A former senior immigration official has warned that plans to outsource visa processing could undermine the integrity of the system, the Guardian reports.
Last February the Guardian reported that briefings by the Department of Home Affairs revealed that a successful private bidder could offset the $1bn cost of a new visa processing system by raising revenue through “premium services for high-value applicants”, different access based on applicants’ ability to pay.
Abul Rizvi, a former departmental deputy secretary with the Department, expressed concern about the prospect, because it could provide an incentive for companies to make the process easier for applicants who could afford the “fast lane”.
He was also concerned that “extraordinarily personal information” such as an applicant’s relationship status, job, income and health could be used by a commercial firm for marketing purposes.
His concerns are echoed by the Federation of Ethnic Community Councils of Australia (FECCA).
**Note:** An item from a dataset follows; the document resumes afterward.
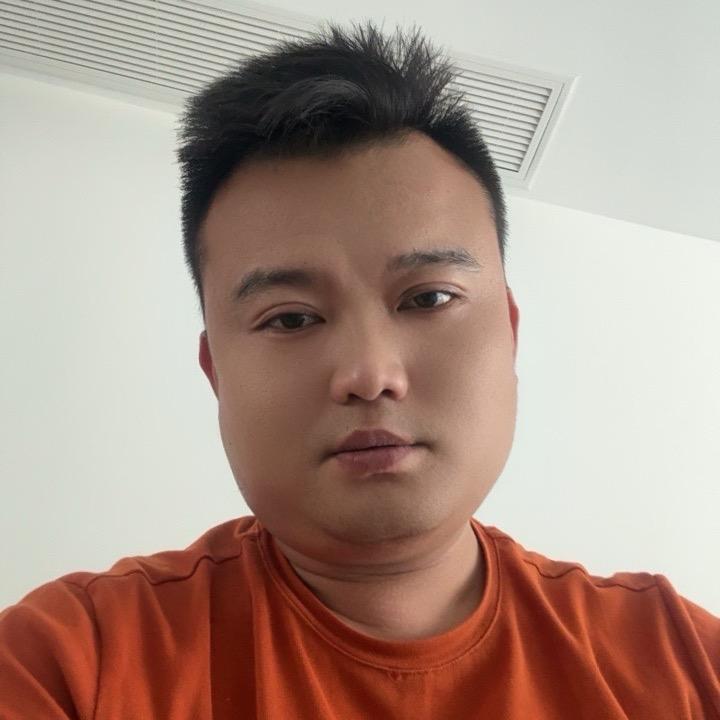 上饶亮点名车馆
FECCA chairwoman Mary Patetsos said she also opposed measures that could lead to an increased cost of visas, particularly for family and partner visas.
“Australia has a long-standing reputation for its impartial, fair and transparent immigration system,” she said. “It should not be put at risk.”
Premium services could undermine fairness, by limiting the opportunity to bring family to Australia to live or visit for extended periods to the wealthy.
The Federal Government has been “testing the market” for expressions of interest, but is unlikely to put such a plan into action until after the election in May.